You don't have to be Catholic to live on the Fazenda, but every person in recovery is supposed to take part in prayer times for the sake of the community. "We have even had a Muslim here who started to read his Qur’an more than ever before," Christine Magg says.
Arthur, 16, finds that prayer helps him greatly to get free of his addiction. At 13, he tried drugs for the first time, out of curiosity and boredom. He grew up in a solid middle-class home where he was refused nothing.
"I started to buy and steal drugs. My mother was ashamed and my neighbors didn't like me. I took cocaine and committed robberies, and then I got arrested. When I was let out, I resumed my old lifestyle," he explains.
But he noticed that this lifestyle no longer satisfied him and that it didn't bring peace to the family. He came to Guaratingueta through his sister, a volunteer at the Fazenda. "I would like to change my life and finish school," he says.

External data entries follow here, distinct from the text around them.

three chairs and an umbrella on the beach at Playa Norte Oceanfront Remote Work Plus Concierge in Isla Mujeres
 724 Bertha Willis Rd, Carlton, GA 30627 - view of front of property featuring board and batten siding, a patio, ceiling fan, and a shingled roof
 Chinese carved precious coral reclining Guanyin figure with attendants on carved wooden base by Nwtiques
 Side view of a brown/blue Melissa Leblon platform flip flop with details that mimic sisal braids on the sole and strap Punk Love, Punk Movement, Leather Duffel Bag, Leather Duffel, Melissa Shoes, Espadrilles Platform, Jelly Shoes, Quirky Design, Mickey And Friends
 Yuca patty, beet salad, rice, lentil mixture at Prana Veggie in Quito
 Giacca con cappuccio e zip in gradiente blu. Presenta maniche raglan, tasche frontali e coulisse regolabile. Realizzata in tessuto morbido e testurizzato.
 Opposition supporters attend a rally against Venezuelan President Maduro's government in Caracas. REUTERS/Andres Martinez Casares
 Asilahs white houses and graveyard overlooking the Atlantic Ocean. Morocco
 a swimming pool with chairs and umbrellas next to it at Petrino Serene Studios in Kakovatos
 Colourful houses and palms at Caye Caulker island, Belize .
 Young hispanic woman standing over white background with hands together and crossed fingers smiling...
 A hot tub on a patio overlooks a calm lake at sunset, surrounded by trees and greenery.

This year the Fazenda in Guaratingueta is celebrating its 30th anniversary. It is expected that 6,000 visitors will attend the festivities. These will include many of the former residents in recovery who now act as volunteers to help newcomers to the Fazenda. Who would be better placed to understand what those in recovery are going through?
A whole series of former residents and other numerous laypersons, priests and members of religious orders have joined together to form a community, which has enjoyed Papal recognition since 2010. It is called "Família da Esperança" (Family of Hope) and with prayer and drive it contributes to the "success" of the Fazendas. Forty Catholic communities also help the Fazendas spiritually and actively.
"If you want to help here, you simply have to have the will to love," Christine Magg explains. What sounds so simple is in fact a daily challenge, for those in recovery and for the volunteers. And yet it succeeds again and again.